Your objective: Below are some records. Print exactly the lines between the one holding "Perie pentru corp" and the one holding "Loving Joy 6 Inch Dildo with Balls Black 6", inclusive, and nothing else.

Segment Start: Input for this task

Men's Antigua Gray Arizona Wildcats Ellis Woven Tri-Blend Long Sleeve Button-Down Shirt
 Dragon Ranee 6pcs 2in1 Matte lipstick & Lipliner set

Segment End: Input for this task
Segment Start: Input for this task

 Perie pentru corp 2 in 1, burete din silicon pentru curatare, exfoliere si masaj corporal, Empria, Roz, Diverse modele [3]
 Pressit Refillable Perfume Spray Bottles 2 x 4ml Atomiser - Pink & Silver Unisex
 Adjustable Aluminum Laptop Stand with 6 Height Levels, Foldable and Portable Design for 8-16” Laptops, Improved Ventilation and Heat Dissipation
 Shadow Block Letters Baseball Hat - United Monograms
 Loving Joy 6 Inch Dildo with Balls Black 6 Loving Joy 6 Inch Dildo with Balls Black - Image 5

Segment End: Input for this task
Segment Start: Input for this task

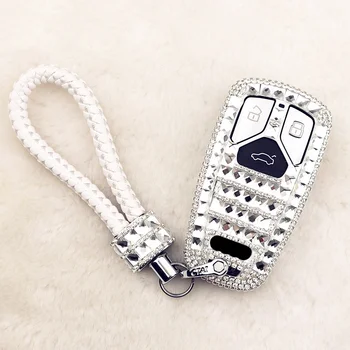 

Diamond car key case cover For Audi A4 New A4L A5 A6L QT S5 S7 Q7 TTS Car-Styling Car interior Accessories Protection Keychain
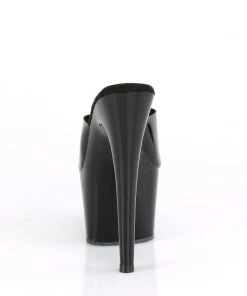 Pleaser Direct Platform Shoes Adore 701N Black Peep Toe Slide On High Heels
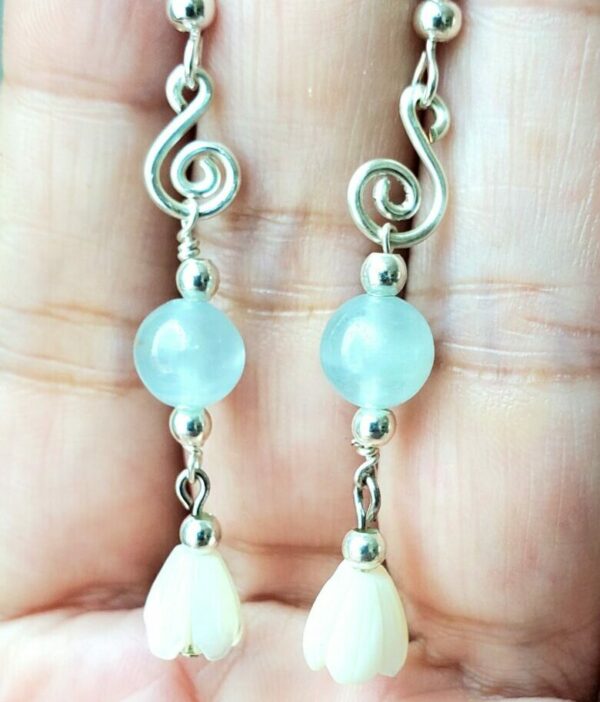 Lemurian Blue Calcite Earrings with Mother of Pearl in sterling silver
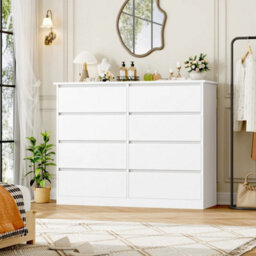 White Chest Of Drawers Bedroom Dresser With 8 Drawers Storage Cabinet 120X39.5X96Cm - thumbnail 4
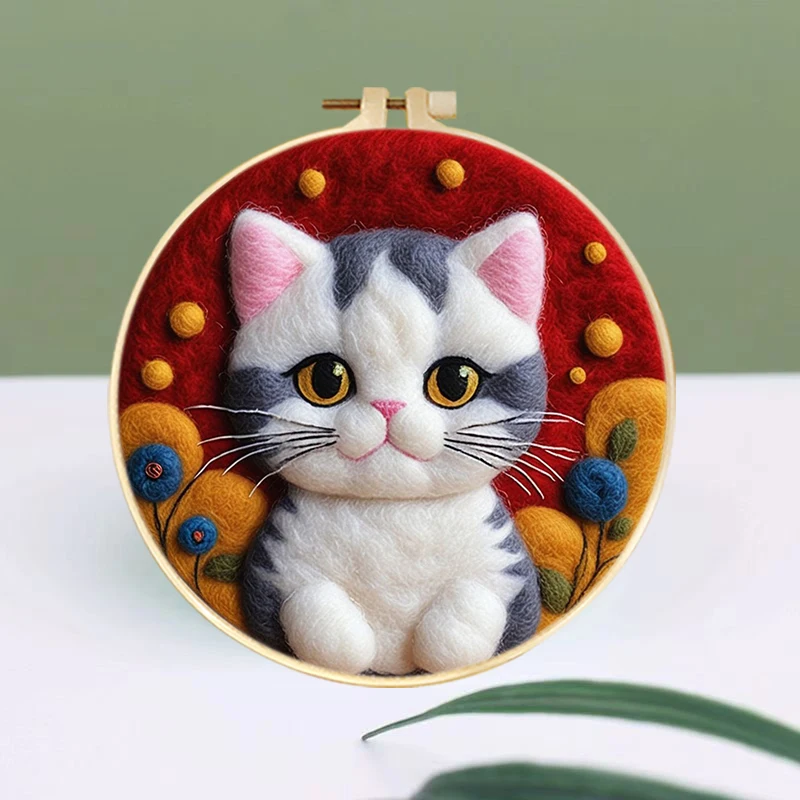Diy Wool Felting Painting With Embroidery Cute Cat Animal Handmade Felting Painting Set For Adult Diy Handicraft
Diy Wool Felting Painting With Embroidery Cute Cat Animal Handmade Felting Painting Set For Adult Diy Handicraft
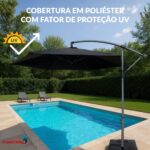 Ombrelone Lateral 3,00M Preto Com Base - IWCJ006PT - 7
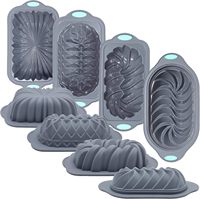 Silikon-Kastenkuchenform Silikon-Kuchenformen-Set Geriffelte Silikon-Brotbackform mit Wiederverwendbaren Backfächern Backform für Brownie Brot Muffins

Segment End: Input for this task

Result of this exercise:
 Perie pentru corp 2 in 1, burete din silicon pentru curatare, exfoliere si masaj corporal, Empria, Roz, Diverse modele [3]
 Pressit Refillable Perfume Spray Bottles 2 x 4ml Atomiser - Pink & Silver Unisex
 Adjustable Aluminum Laptop Stand with 6 Height Levels, Foldable and Portable Design for 8-16” Laptops, Improved Ventilation and Heat Dissipation
 Shadow Block Letters Baseball Hat - United Monograms
 Loving Joy 6 Inch Dildo with Balls Black 6 Loving Joy 6 Inch Dildo with Balls Black - Image 5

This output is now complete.